• Suppliers

    Unleash the power of the TenByTen6410

    The TenByTen6410 is a power house, no question. However, coming from the MINI2440v2 the visual effects and performance are not as “earth shaking” as expected or hoped for. Are you one of those users who feels disappointed by the graphical performance? Do you want to know what you have not done right in the past or even now?

    In this five part series of How To's, Sven explains step by step how to unleash the hidden power within the S3C6410, and how to make pleasant GUIs for the MINI2440 and TenByTen6410 boards.

    • Part I discusses the hardware and some common principles
    • Part II dives deep into the TFT controller (virtual screens, panning and more)
    • Part III explains how to create stunning visuals just by using the TFT controller at its max
    • Part IV helps to understand the principles of hardware 2D acceleration
    • Part V squeezing everything together into UltimaGUI

    Part I

    Why do vanilla/dev/fb0, directFB, SDL and XORG disappoint?

    Did you buy an S3C6410 based board and expected razor sharp visuals at astounding speeds as those you grew used to on your iPhone?  Did you try several packages from debian/emdebian and they all disappointed you? Well, that was expected! Don’t get me wrong here, the graphics are "OK", but it should be better, MUCH better, and we’ll show you how to do it.

    To understand why they're disappointing in the way they currently are, we will have to understand what is going on in our system.

    Let’s say we connect a 7inch (800x480px) display, like the MegaDisplay 7 or other ones to our board. I know that this is a red flag for a lot of you, because of bad experiences. However it is also by far Hiteg's best selling display, thus support is needed.

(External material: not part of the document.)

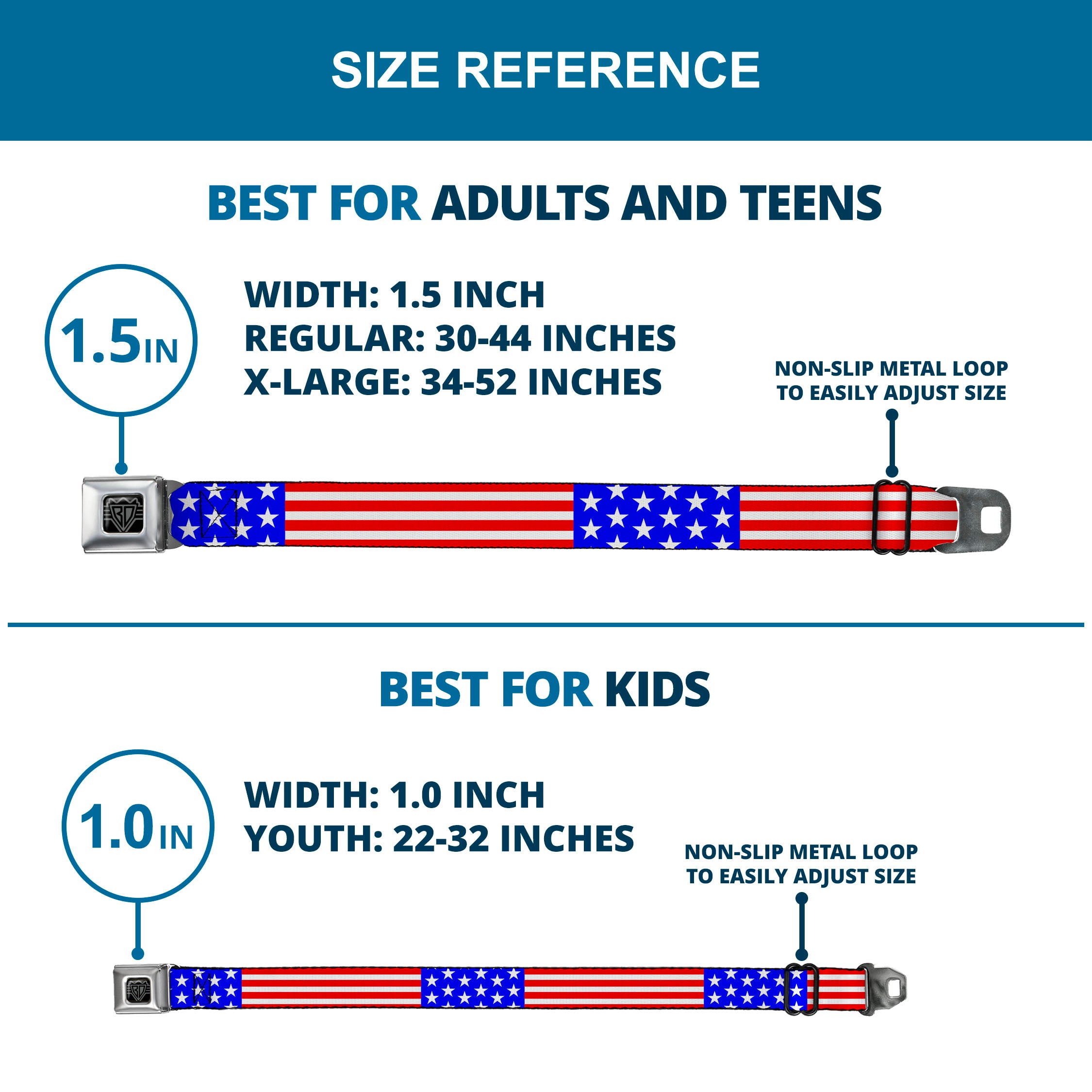 BD Wings Logo CLOSE-UP Full Color Black Silver Seatbelt Belt - Americana Stars & Stripes3 Red/White/Blue Webbing Seatbelt Belts Buckle-Down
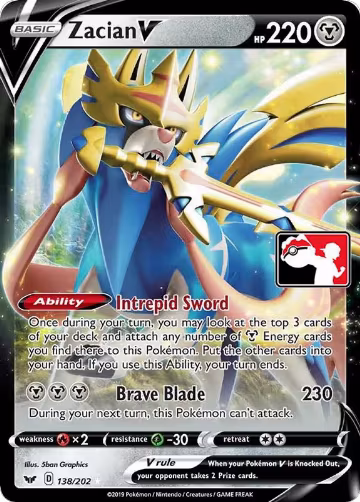 Zacian V - 138/202 (138/202), Prize Pack Series Cards — Pokémon card price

    The display's depth is normally set to 16Bit RGB in 565 layout, which means that red gets 5Bits, green gets 6Bits, and blue gets 5Bits out of our 16bits. That calculates to 800x480x2 Bytes = 750KB frame buffer. We refresh the TFT sixty times a second which equals to approx. 44MB per second. That’s rather fair, as we use DDR RAM at 133MHz speed in 32Bit on the TenByTen6410. That means the RAM can, ideally, move 133Mx2x4Bytes which is approximately 1GByte/sec. This is, no wonders, double the rate the MINI2440’s RAMs are able to move. Please rest assured that these are the theoretical values and not what the RAMs are really moving on request. You need approximately nine cycles to store the address and bank registers of the RAM, for any given address, you read one 32Bit word from a random address, you’ll have to wait nine cycles. Thus the ideal rate is around 2/3 of above theoretical values, if addresses are not randomly set. But that gives you still 667MBytes on the 6410 and 330MBytes on the MINI2440 side. SAMSUNG has a nice example in the User’s Manual to calculate the memory bus occupation in %:

    For the MINI2440

    With 32bit SDRAM (Trp=2 (HCLK) ; Trcd=2 (HCLK) ; CL=2 (HCLK) ) and HCLK frequency is 100MHz
    LCD DMA Burst Count (Times/s) = LCD Data Rate(Byte/s) /32(Byte) ; LCD DMA using 8words(32Byte) burst
    LCD Data Rate = 16(bpp) x 800 x 480 x 60 / 8 = 43.95Mbyte/s 
    LCD DMA Burst Count = 43.95MB / 32 = 1.375M/s
    Pdma = (Trp+Trcd+CL+(2 x 4)+1) x (1/100MHz) = 0.150ms 
    LCD System Load = 1.375 x 0.150 = 0.206
    System Bus Occupation Rate = (0.206/1) x 100 = 20.6%

    For the TenByTen6410

    With 32bit DDR SDRAM (Trp=1 (HCLK) ; Trcd=1 (HCLK) ; CL=2 (HCLK) ) and HCLK frequency is 133MHz.    
    LCD DMA Burst Count (Times/s) = LCD Data Rate(Byte/s)/64(Byte) ; LCD DMA using 16words(64Byte) burst
    LCD Data Rate = 16(bpp) x 800 x 480 x 60 / 8 = 43.95Mbyte/s 
    LCD DMA Burst Count = 43.95MB / 64 = 0.69M/s
    Pdma = (Trp+Trcd+CL+(2 x 4)+1) x (1/133MHz) = 0.098ms 
    LCD System Load = 0.69 x 0.098 = 0.068
    System Bus Occupation Rate = (0.068/1) x 100 = 6.8%

    This means we spend 20% of the memory band width on the MINI2440 and 7% on the TenByTen6410 for “just” updating the display. At least we don’t wonder anymore why modern graphic cards need 128/256bit memory bus width with GDDR3/4/5.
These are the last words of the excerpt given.